UVA Football coach Tony Elliott, talking about the six 15-yard penalties assessed on his team in Saturday night’s 38-17 loss at Duke, offered an enlightening postgame statement about his program’s “core values.”

“If we continue to have these problems, then ultimately I’m going to have to make decisions, because the one thing I’m not going to sacrifice is the core values of this program, and it’s embarrassing,” said Elliott, whose team leads the ACC in penalty yards (362), with UVA giving opponents 72.4 yards per game due to the infractions.

So, yes, obviously, that’s an area to clean up, one among many.

But to the point, and the invocation of the term, “core values,” and the word “embarrassing.”

What’s “embarrassing” is Elliott channeling his inner Dave Leitao on the sidelines. in the face of what appears to be an utter lack of preparation done by his coaching staff to get his guys ready for what they are going to face when it’s game time.

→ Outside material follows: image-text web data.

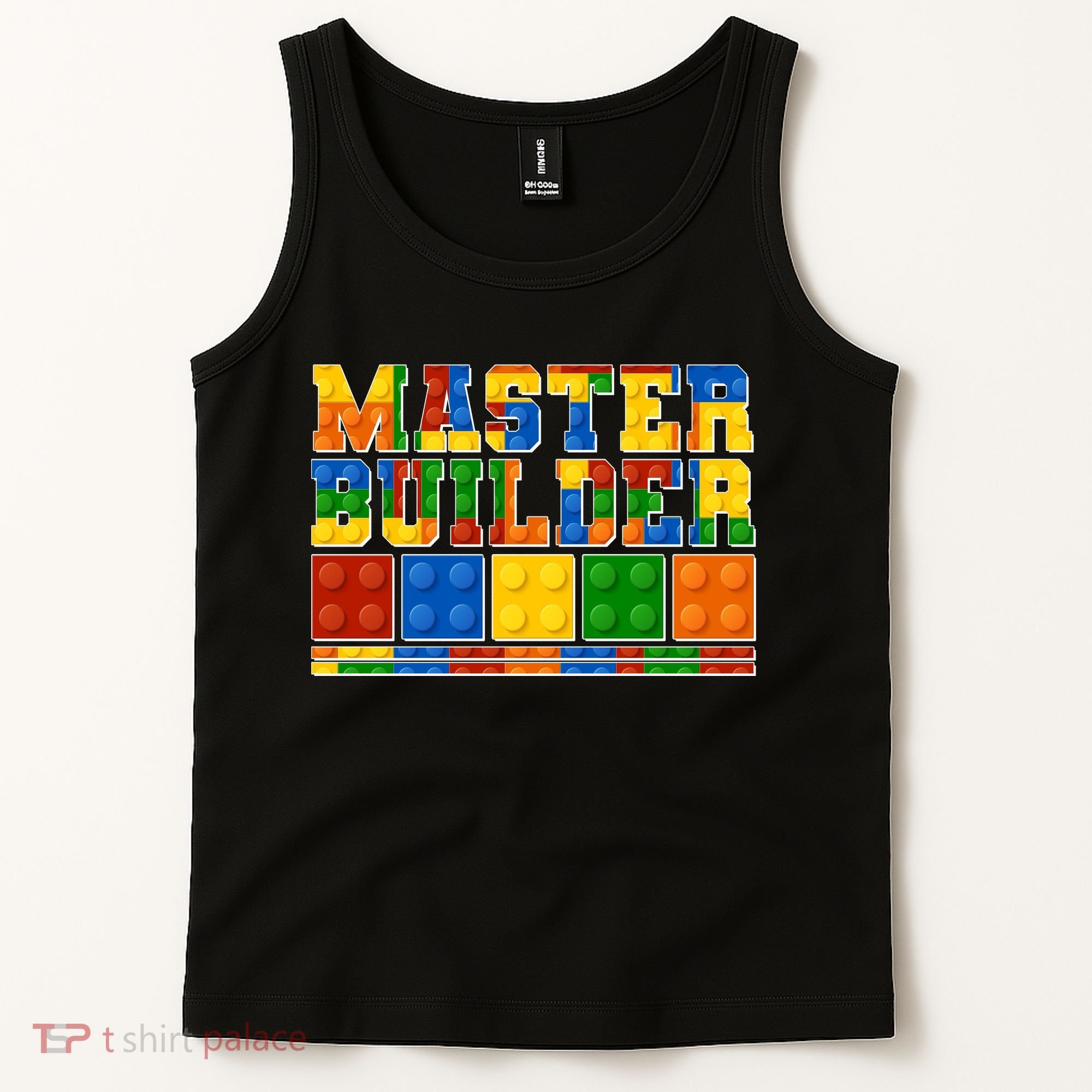 Cool Master Builder Lego Fan Tank Top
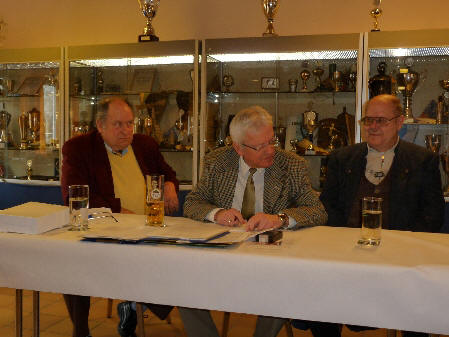 Jahreshauptversammlung 2009 - Manfred Ileib; Fritz Reuter; Georg Fuchs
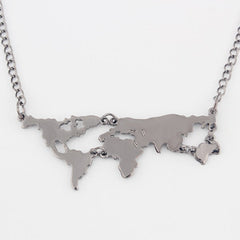 World Map Pendant Necklace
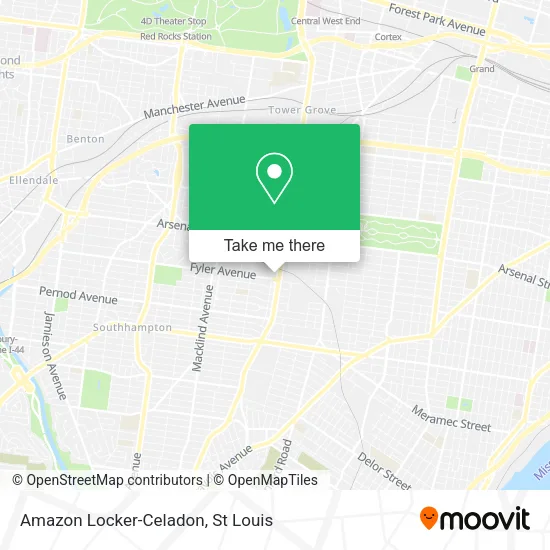 Amazon Locker-Celadon map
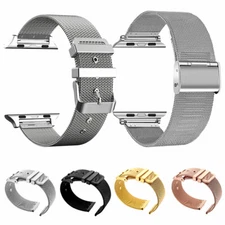 Stainless Steel Milanese Mesh Watch Strap for Apple Iwatch1/2/3/4 38 40 42 44mm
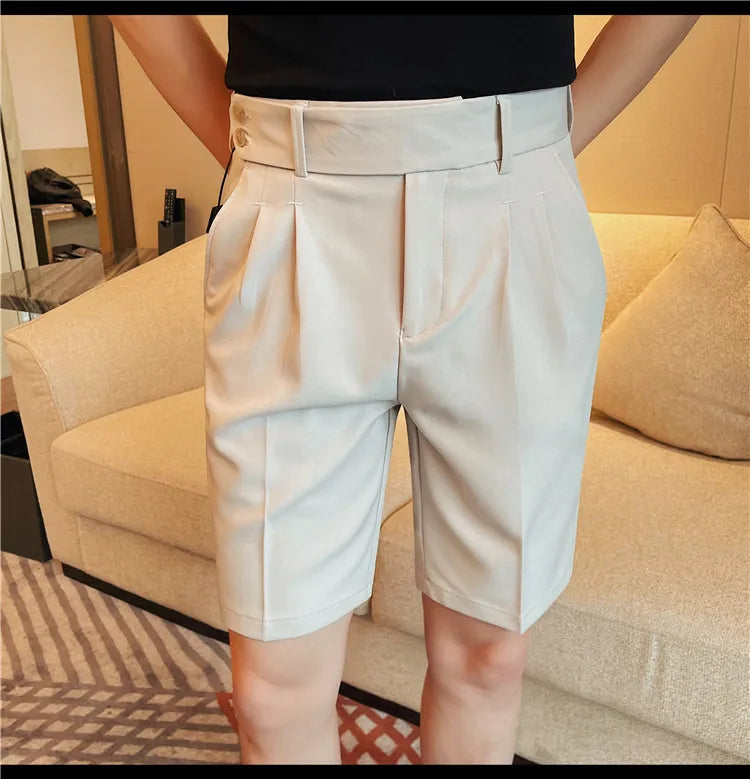 Men’s Slim-Fit Suit Shorts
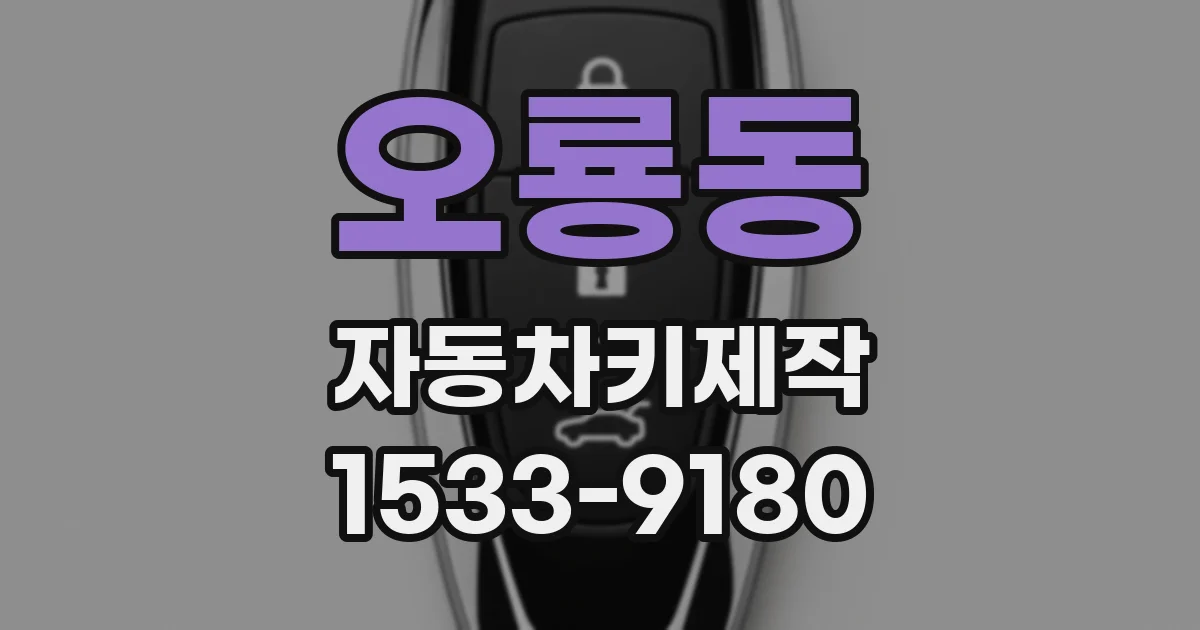오룡동 자동차키제작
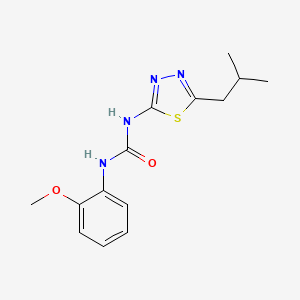 molecular formula C14H18N4O2S B5878937 N-(5-isobutyl-1,3,4-thiadiazol-2-yl)-N'-(2-methoxyphenyl)urea 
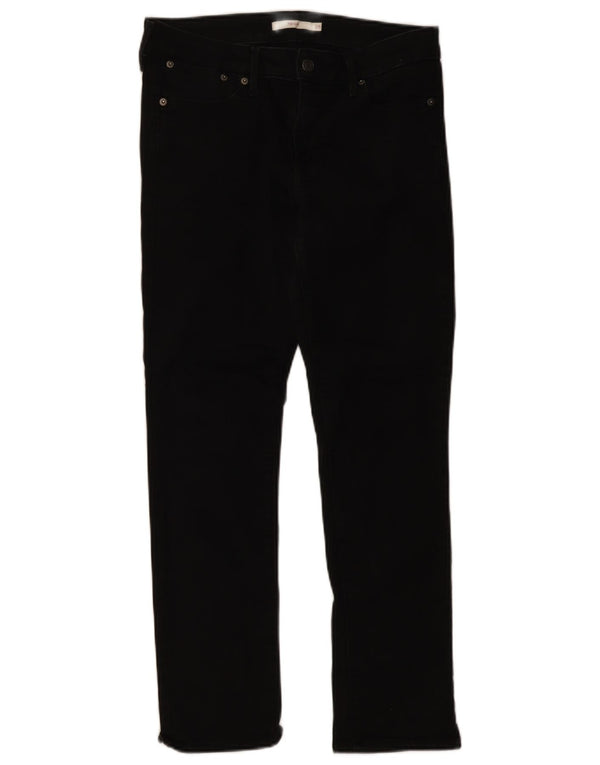 Женские узкие джинсы Levi's 712 W28 L28, черный хлопок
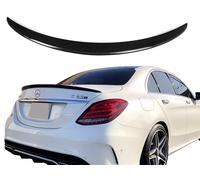 ABS Spoiler Adatto per Mercedes W205 Berlina 4 Porte IN Ottica Verniciato Carbon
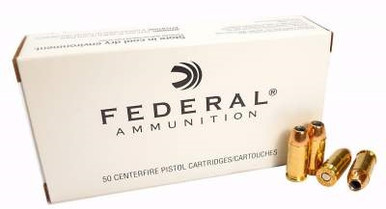 Federal 45 Auto Ammunition F45C 185 Grain Jacketed Hollow Point 50 rounds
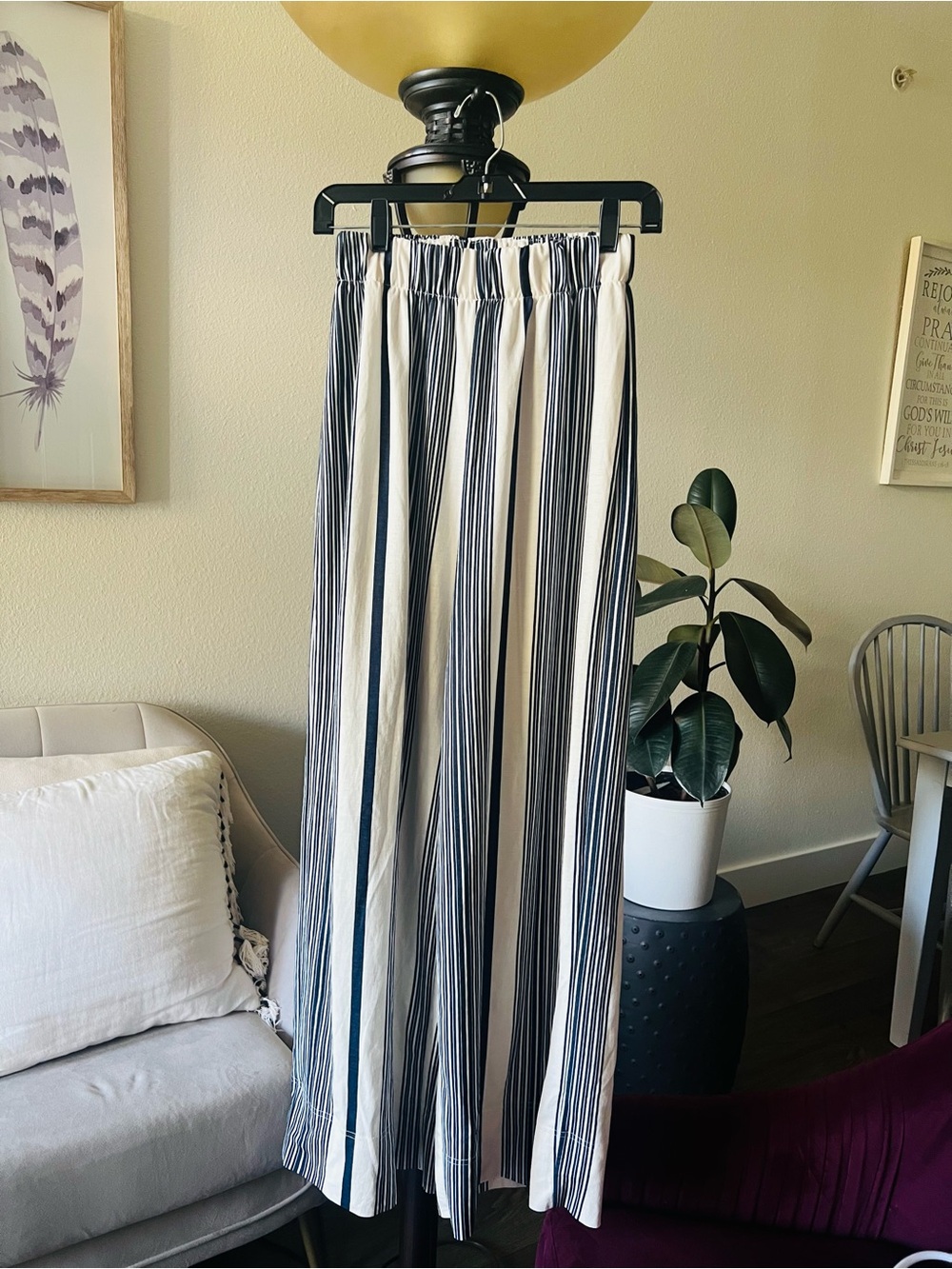 Striped Black and White pants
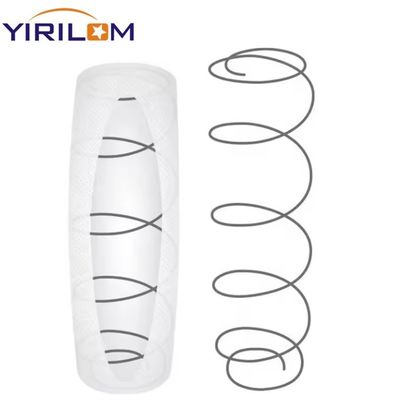 18x18x4 بوصة مفردة لف الأريكة الجيبية الملفوفة الينابيع مع سلك الفولاذ عالية الكربون لدعم متوسطة الصلبة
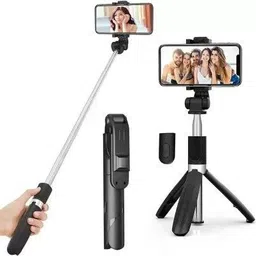 Planetoid Portable Wireless Selfie Stick Youtube and Detachable Wireless Bluetooth Remote Tripod Bracket, Tripod image 1
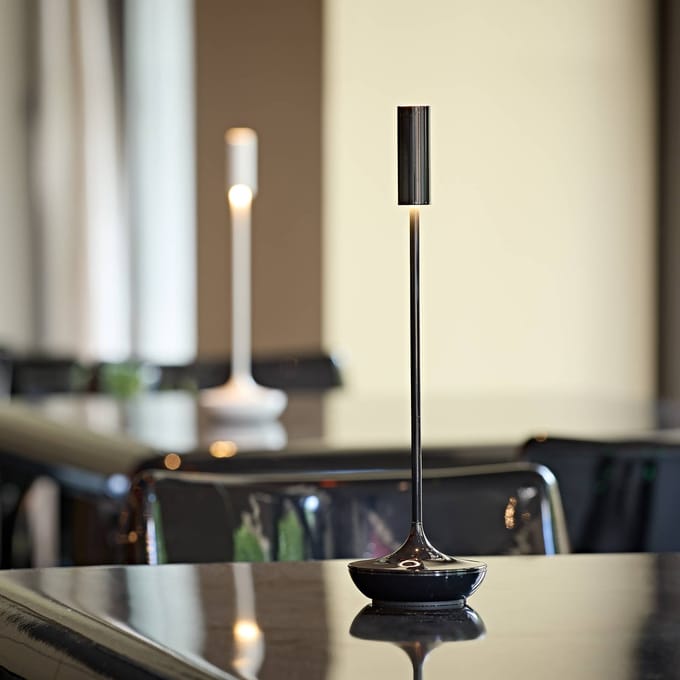 Sigor Nucandle LED oplaadbare tafellamp, zwart, IP54, dimbaar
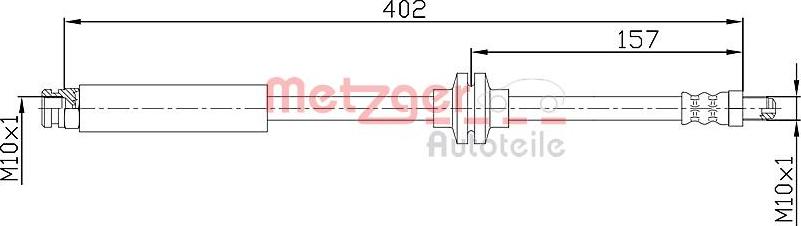 Metzger 4110108 - Тормозной шланг autospares.lv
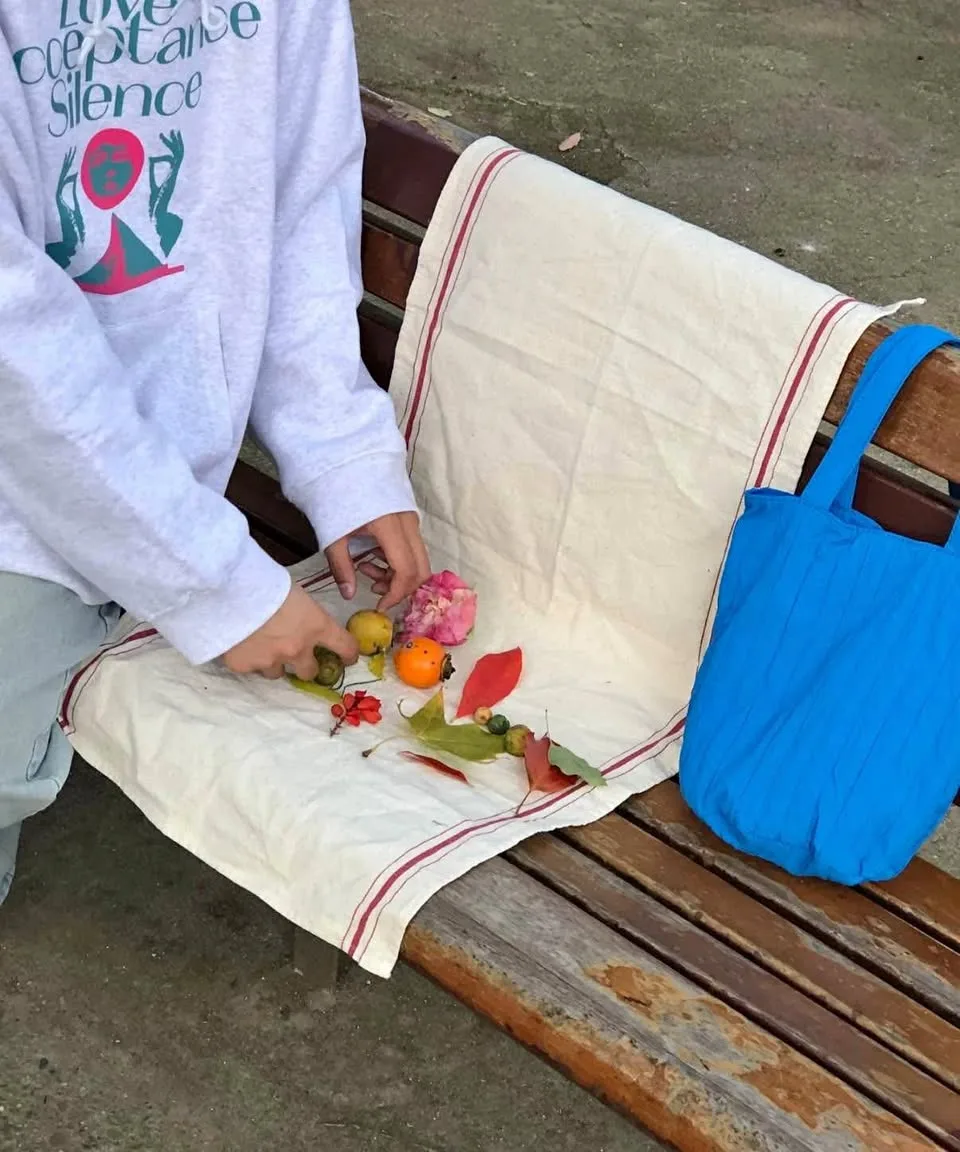 Bright blue long straps shoulder bag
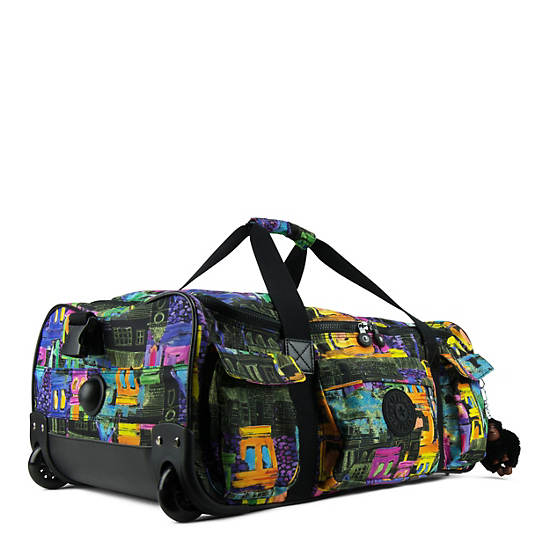 Discover Small Printed Wheeled Duffel Bag, Coronado Streets, large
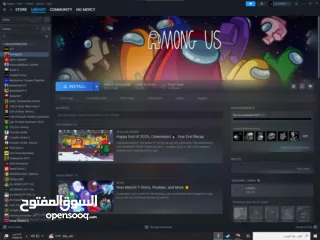  4 حساب ستيم اسطووري بسعر حرقق عليه كل الالعاب الي ببالك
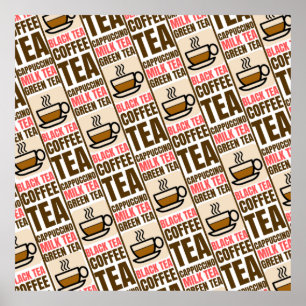 Poster Padrão de CAFÉ TEA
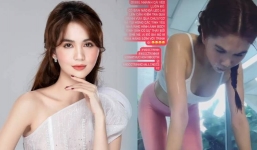 Ngọc Trinh lại khiến CĐM 'toát mồ hôi hột' khi tung clip tại nhà riêng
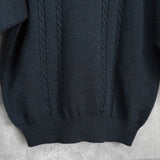 バーバリー ヴィンテージ ホースロゴ ニット グリーン系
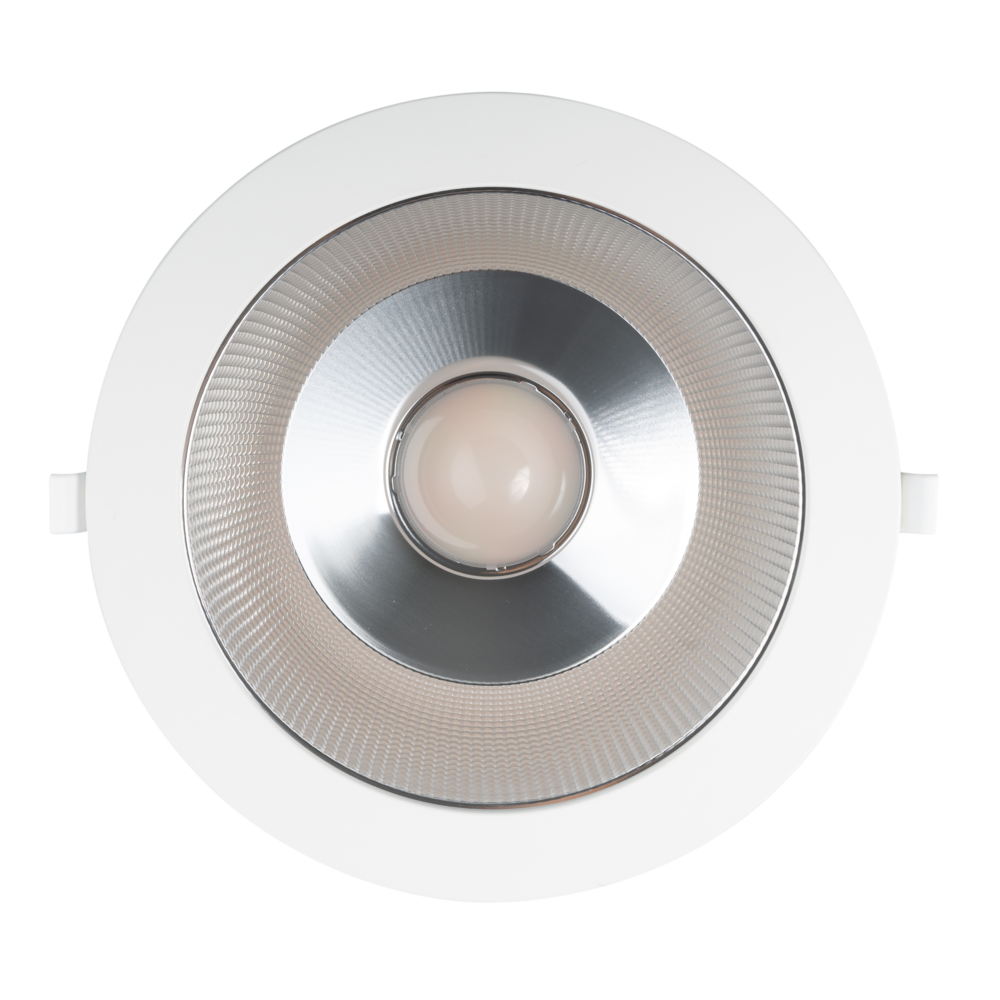 Buy Recessed LED Downlights Australia Penmark Recessed LED Downlight W114mm 60° White Aluminium TRI Colour - S9081R10TC/WH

It’s almost as if he wants us to get the idea that he, too, is frustrated at the penalties, the dropped passes, the missed blocks and tackles, and for us to be impressed, that he sees the problems, and he’s got it.

We’d be more impressed if Elliott and his staff had seen the errors in spring practice, in July and August in training camp, in game-week prep, and fixed them then, when none of us are looking.

Yell all you want then; in fact, yell more, and as loud as you need to.

When the bright lights and cameras are on, the head coach, as the leader of the program, the face of UVA Football, needs to be the paragon.

It’s like what you read, if you have dogs in your household, about how to react when your dogs are barking.

If you yell at them, they think you’re yelling with them, that there was a good reason for them to have been barking in the first place, and they get even more agitated.

The same is happening on the field with the Cavaliers. Guys aren’t being used right, not being prepared right, as a result, things aren’t going right, and when the coach yells, the response is guys, like your barking dogs at home, barking harder, which manifests in guys trying to make hero plays that, too often, result in more mistakes.

A quote from Elliott’s postgame presser seems to indicate that he gets it, at some level.

“We’re not playing smart football. We’re not playing complementary football, and we’re struggling when the bullets start flying to just come together as a team, hunker down, battle for each other,” Elliott said.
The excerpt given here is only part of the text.